Car le Christ n’a jamais exalté la douleur, il ne cesse au long des quatre Evangiles de soigner les blessures : « Il a pris nos infirmités et s’est chargé de nos maladies. » (Matthieu 8, 17, accomplissant la prophétie du serviteur souffrant d’Isaïe 53, 4) C’est en dépit des souffrances et malgré le mal que nous sommes sauvés, pas en les recherchant. Nous sommes autorisés, voire encouragés, à hurler contre le non-sens du malheur, ainsi que les cris des Psaumes nous y invitent. Il s’agit de passer du pourquoi au pour quoi, du passé des explications à l’avenir d’une possible fécondité : comme le grain de blé ne porte pas de fruit s’il ne tombe en terre et ne meurt (cf.
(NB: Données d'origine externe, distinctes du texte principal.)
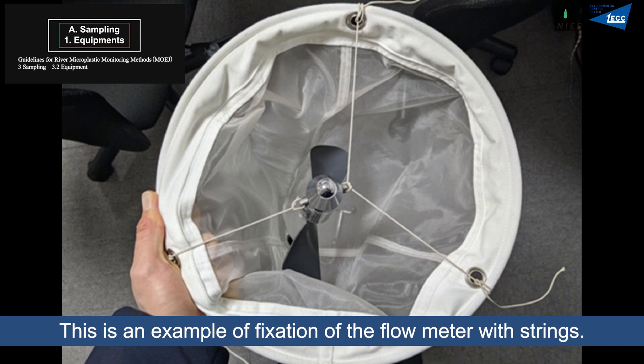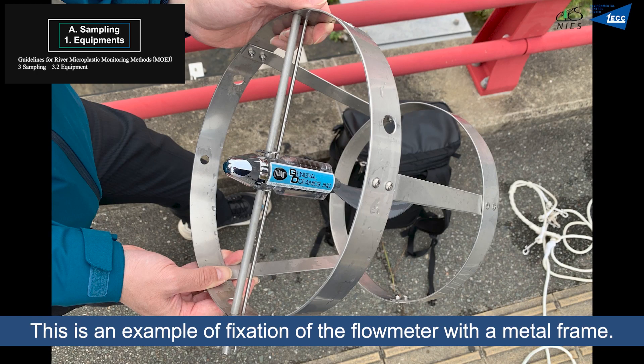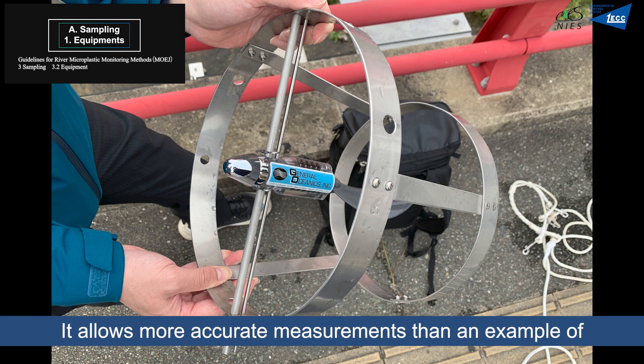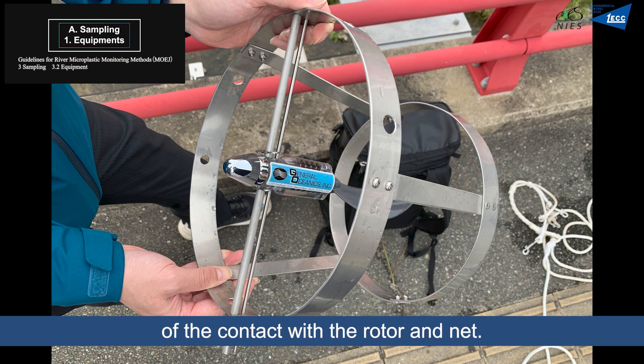This is an example of fixation of the flowmeter with strings. A flowmeter is installed at the center of the net frame. This is an example of fixation of the flowmeter with a metal frame. It allows more accurate measurements than fixation with strings due to greater stability and a lower possibility of contact between the rotor and the net.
Jean 12, 24) ; comme la femme dans les douleurs de l’enfantement pressent déjà quelque chose de son allégresse future (Jean 16, 21) ; ainsi, dit Paul, « J’estime qu’il n’y a pas de commune mesure entre les souffrances du temps présent et la gloire qui doit être révélée ». (Romains 8, 18) C’est aimer et donner sa vie qu’il faut pour être sauvé, en communion avec la Passion du Christ : « Pas de plus grand amour que de donner sa vie pour ses amis. » (Jean 15, 13) Les souffrances ? Il convient de tout faire pour les écarter et, si elles deviennent inévitables, de continuer à les traverser avec amour.

A lire : 

Témoignage du vénérable François-Xavier Nguyen Van Thuan, évêque vietnamien emprisonné (Sur le chemin de l’espérance, Paris, Éd. du Jubilé, 1991)

Témoignage de Casimir Formaz, chanoine du Grand-Saint-Bernard (A l’école du Christ souffrant, Paris, Cerf, 1975) 

« Je n’ai vraiment plus envie de disserter sur la souffrance. Il n’y a plus qu’à se taire quand le mal est là. Depuis quelque temps déjà, il me tient compagnie : assis, debout, couché, c’est toujours la même chose. La fatigue, la paresse, ne me laissent plus beaucoup de réactions. C’est le moment de me ressaisir et de trouver moyen de joindre cette douleur à la douleur du Christ !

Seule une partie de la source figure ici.